The input:
━━━━━━━━━━━━━━━━

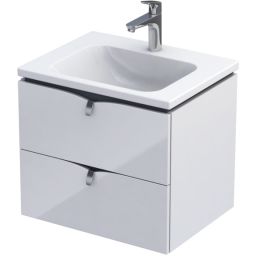 Oristo Siena szafka 60 cm podumywalkowa wisząca biały połysk OR45-SD2S-60-1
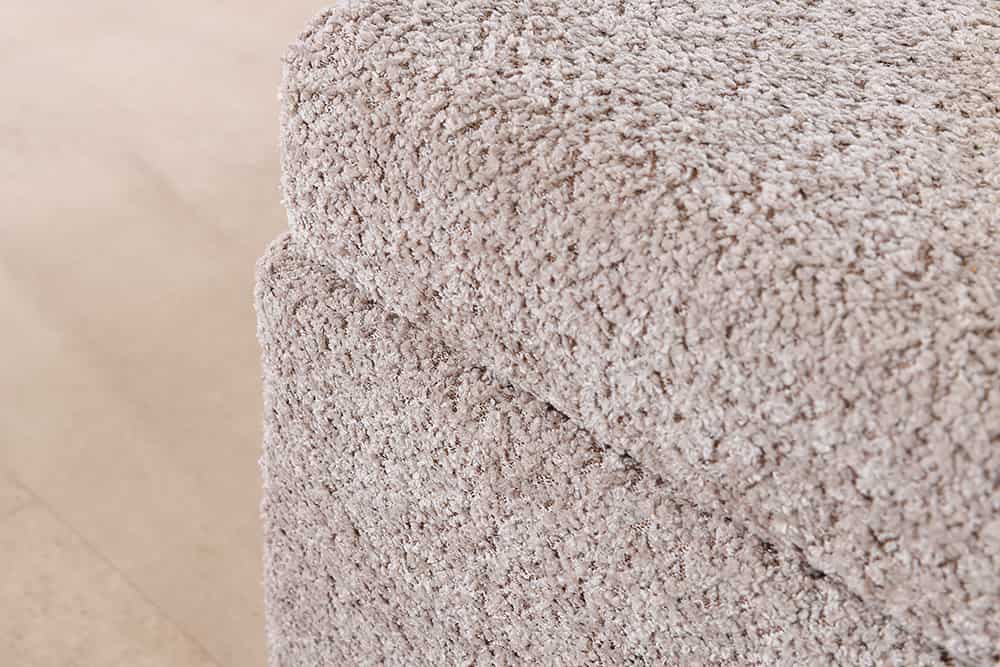 Chesterfield Bettbank EXTRAVAGANCIA 140cm champagner greige Bouclè mit Stauraum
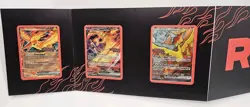 Pokemon Team Rocket's Moltres Stamp Cards From Ultra Premium Collection Set - Image 1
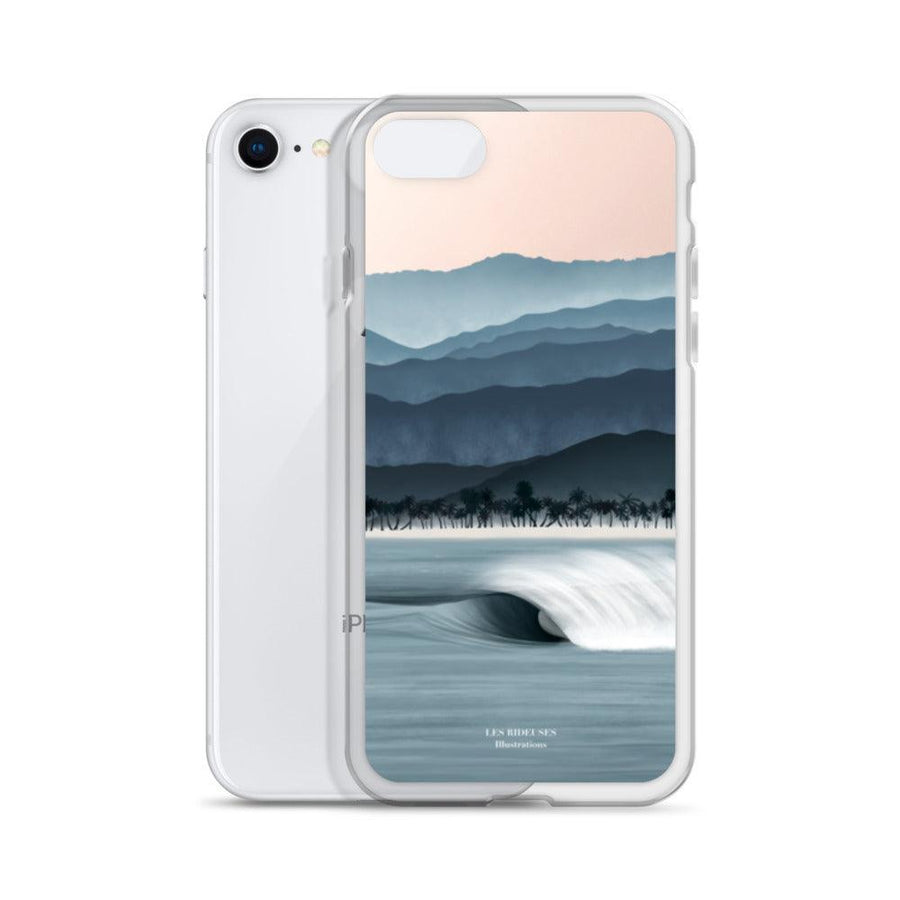Coque Iphone Ocean between Sunrise & mountains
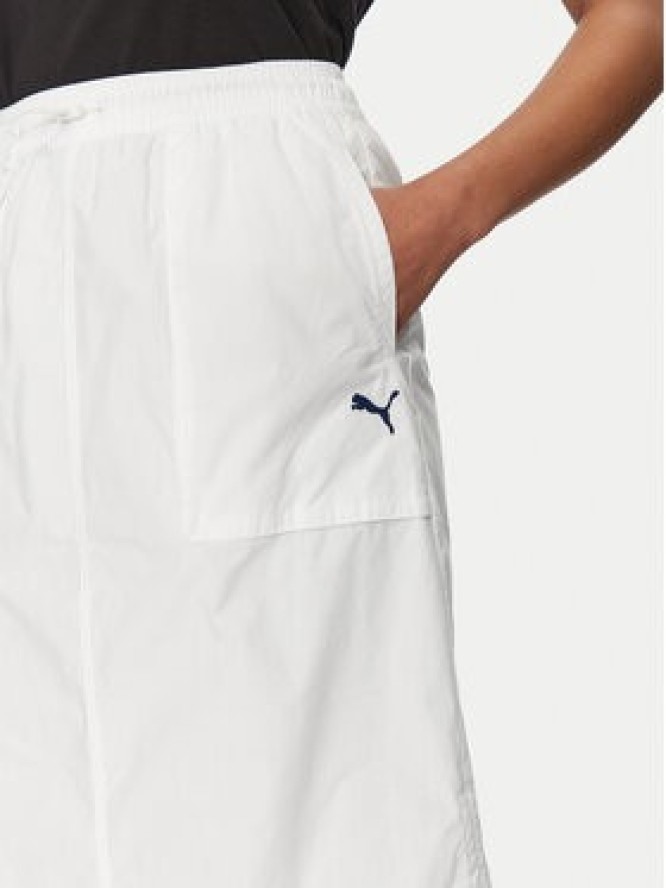 Puma Spódnica trapezowa Future Archive 629784 Biały Relaxed Fit
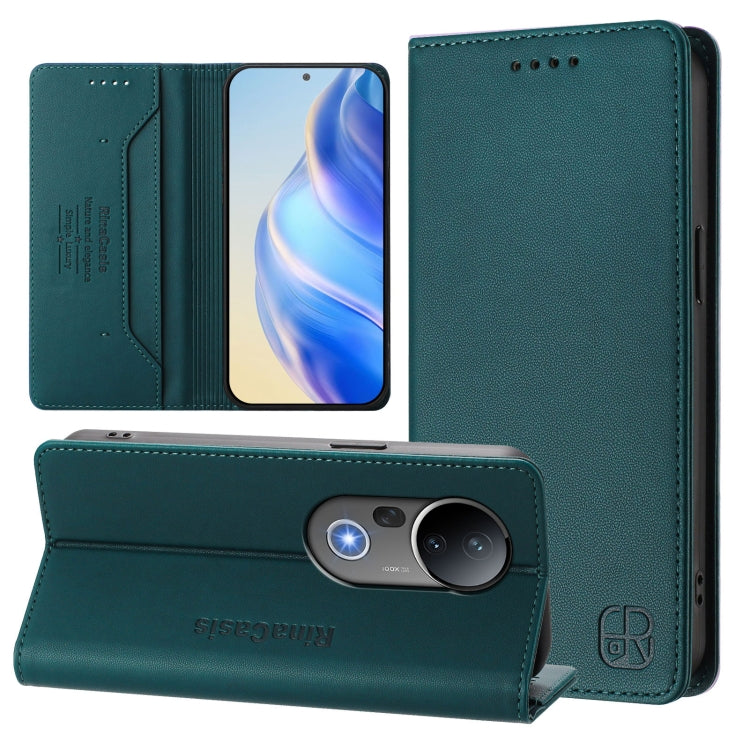 RC01 Dual-Folded Magnetic Suction RFID Leather Phone Case, For vivo S20 5G, For vivo S20 Pro 5G, For vivo Y300 5G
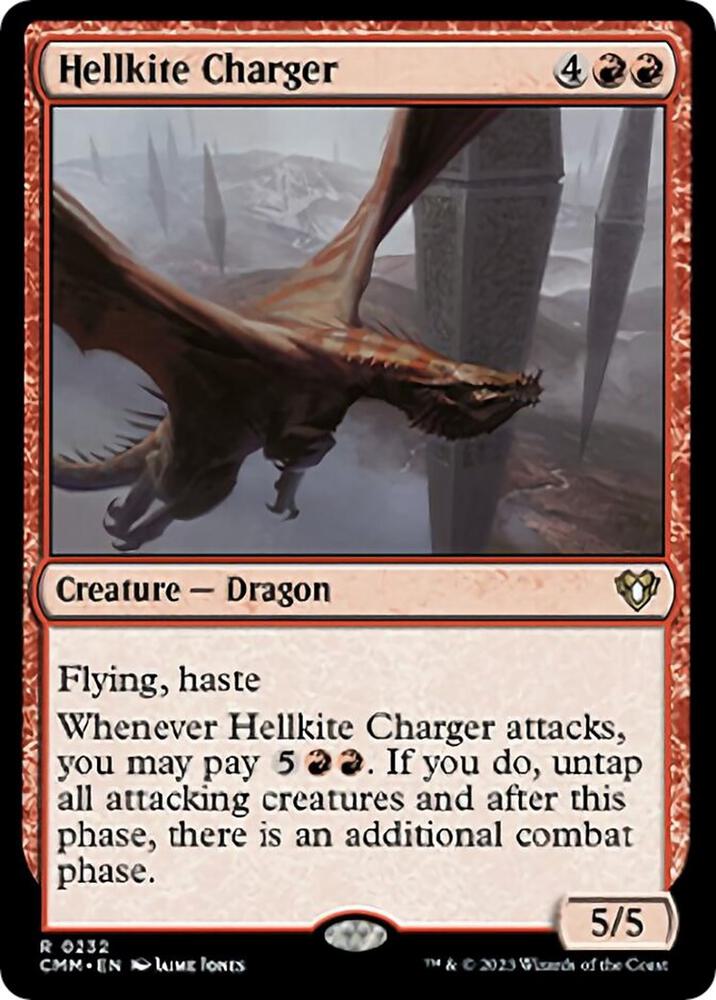 Hellkite Charger 232/451 (Commander Masters)  - Foil | Good Games Morley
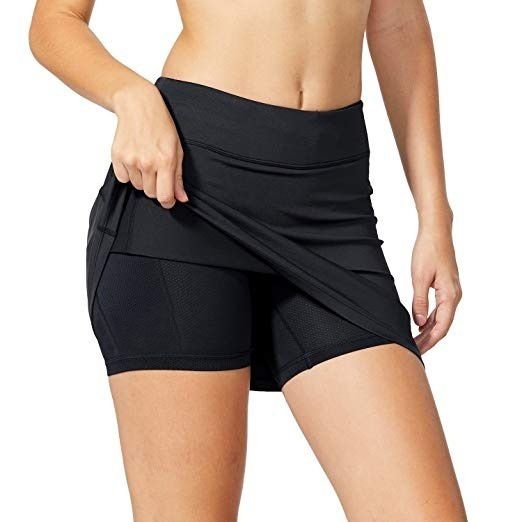Women's Clothing Solid Color Two Piece Pocket High Waist Leggings Skirt Pants Large Size_ecoleips.com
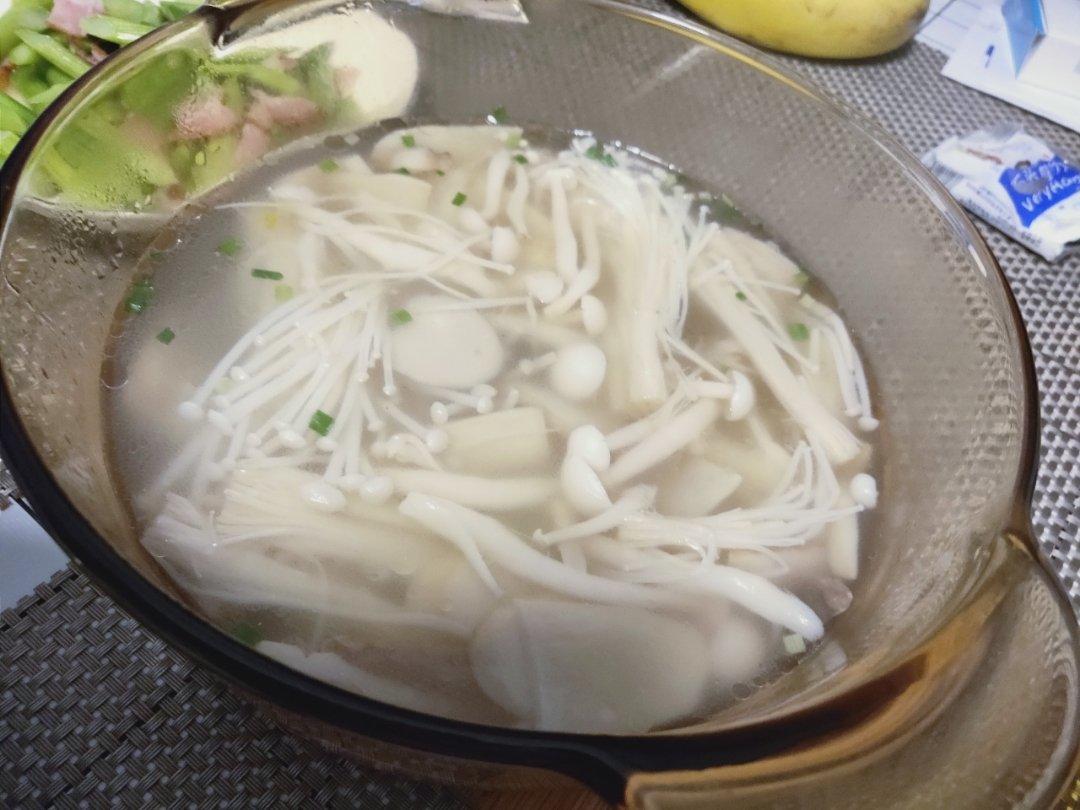 冬日暖汤——菌菇汤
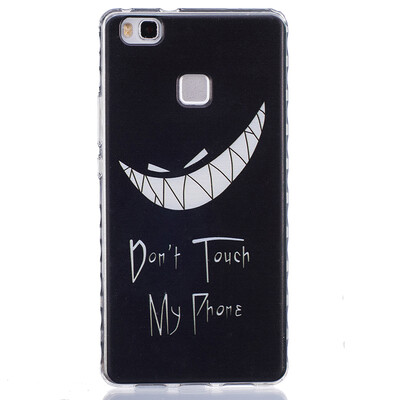 

Bad laugh Pattern Soft Thin TPU Rubber Silicone Gel Case Cover for HUAWEI P9 Lite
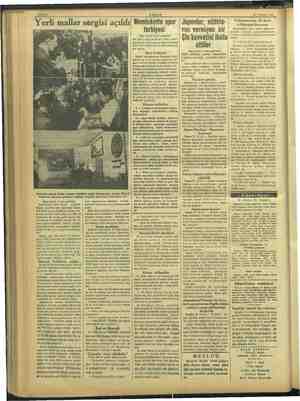    Mi... 1. “4 AKŞAM > NE 28 Temmuz 1937 Yerli mallar sergisi açıldı! Memlekette spor Yukanda sanayi birliği umumi kâtihinin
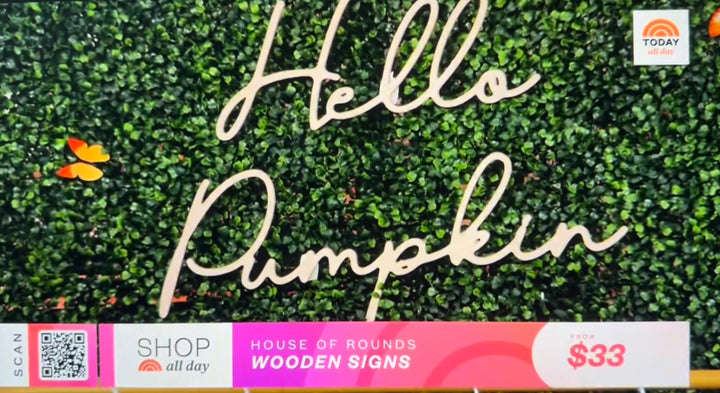 Hello Pumpkin Wood Sign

━━━━━━━━━━━━━━━━

Task requirements:
Look above for the line with "RC01 Dual-Folded Magnetic" and the line with "birliği umumi kâtihinin", then restate exactly those two lines and all lines between them, with no pictures.

Task result:
 RC01 Dual-Folded Magnetic Suction RFID Leather Phone Case, For vivo S20 5G, For vivo S20 Pro 5G, For vivo Y300 5G
 Hellkite Charger 232/451 (Commander Masters)  - Foil | Good Games Morley
Women's Clothing Solid Color Two Piece Pocket High Waist Leggings Skirt Pants Large Size_ecoleips.com
 冬日暖汤——菌菇汤

Bad laugh Pattern Soft Thin TPU Rubber Silicone Gel Case Cover for HUAWEI P9 Lite
    Mi... 1. “4 AKŞAM > NE 28 Temmuz 1937 Yerli mallar sergisi açıldı! Memlekette spor Yukanda sanayi birliği umumi kâtihinin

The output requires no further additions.